Give again the line that contains "this 1024×627 image.", plus every line after it to the end of the records, unchanged.

*** Supplied material Section Begins ***

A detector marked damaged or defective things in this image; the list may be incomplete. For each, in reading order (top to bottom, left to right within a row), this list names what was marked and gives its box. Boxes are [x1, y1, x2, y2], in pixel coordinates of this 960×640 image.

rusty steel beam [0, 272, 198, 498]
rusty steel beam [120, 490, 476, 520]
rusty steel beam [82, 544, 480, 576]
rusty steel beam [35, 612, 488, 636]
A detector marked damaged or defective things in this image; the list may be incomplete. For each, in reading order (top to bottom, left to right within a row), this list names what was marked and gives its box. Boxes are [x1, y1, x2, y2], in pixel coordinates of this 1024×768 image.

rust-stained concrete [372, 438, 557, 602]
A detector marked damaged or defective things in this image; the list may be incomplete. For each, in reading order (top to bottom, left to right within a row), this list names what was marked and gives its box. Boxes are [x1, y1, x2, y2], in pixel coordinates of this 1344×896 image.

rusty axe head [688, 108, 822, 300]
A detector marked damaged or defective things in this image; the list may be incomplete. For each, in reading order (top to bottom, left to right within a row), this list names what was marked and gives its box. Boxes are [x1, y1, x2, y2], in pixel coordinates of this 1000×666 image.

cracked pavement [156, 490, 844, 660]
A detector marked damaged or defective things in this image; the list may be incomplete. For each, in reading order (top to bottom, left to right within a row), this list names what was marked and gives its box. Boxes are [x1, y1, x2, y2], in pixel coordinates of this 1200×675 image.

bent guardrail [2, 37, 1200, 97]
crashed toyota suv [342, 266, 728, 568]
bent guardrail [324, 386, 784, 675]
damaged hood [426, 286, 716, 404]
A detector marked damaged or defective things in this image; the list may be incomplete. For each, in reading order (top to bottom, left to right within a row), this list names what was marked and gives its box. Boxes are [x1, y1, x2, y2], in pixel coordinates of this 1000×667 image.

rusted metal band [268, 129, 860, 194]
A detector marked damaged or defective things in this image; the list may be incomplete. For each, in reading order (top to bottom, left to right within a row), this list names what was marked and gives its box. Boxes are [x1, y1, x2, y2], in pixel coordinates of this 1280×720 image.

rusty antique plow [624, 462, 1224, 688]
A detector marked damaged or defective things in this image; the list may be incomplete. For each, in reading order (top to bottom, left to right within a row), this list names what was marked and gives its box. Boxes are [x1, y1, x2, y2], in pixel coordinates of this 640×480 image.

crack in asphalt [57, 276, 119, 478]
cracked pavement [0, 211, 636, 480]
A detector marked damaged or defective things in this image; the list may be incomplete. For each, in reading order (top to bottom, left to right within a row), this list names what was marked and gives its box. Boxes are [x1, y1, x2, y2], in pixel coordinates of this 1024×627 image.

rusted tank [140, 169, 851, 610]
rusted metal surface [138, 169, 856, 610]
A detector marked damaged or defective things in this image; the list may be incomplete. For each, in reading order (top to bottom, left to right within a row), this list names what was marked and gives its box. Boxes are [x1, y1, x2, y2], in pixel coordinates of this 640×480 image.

*** Supplied material Section Ends ***

_Expected output_.
A detector marked damaged or defective things in this image; the list may be incomplete. For each, in reading order (top to bottom, left to right within a row), this list names what was marked and gives its box. Boxes are [x1, y1, x2, y2], in pixel coordinates of this 1024×627 image.

rusted tank [140, 169, 851, 610]
rusted metal surface [138, 169, 856, 610]
A detector marked damaged or defective things in this image; the list may be incomplete. For each, in reading order (top to bottom, left to right within a row), this list names what was marked and gives its box. Boxes are [x1, y1, x2, y2], in pixel coordinates of this 640×480 image.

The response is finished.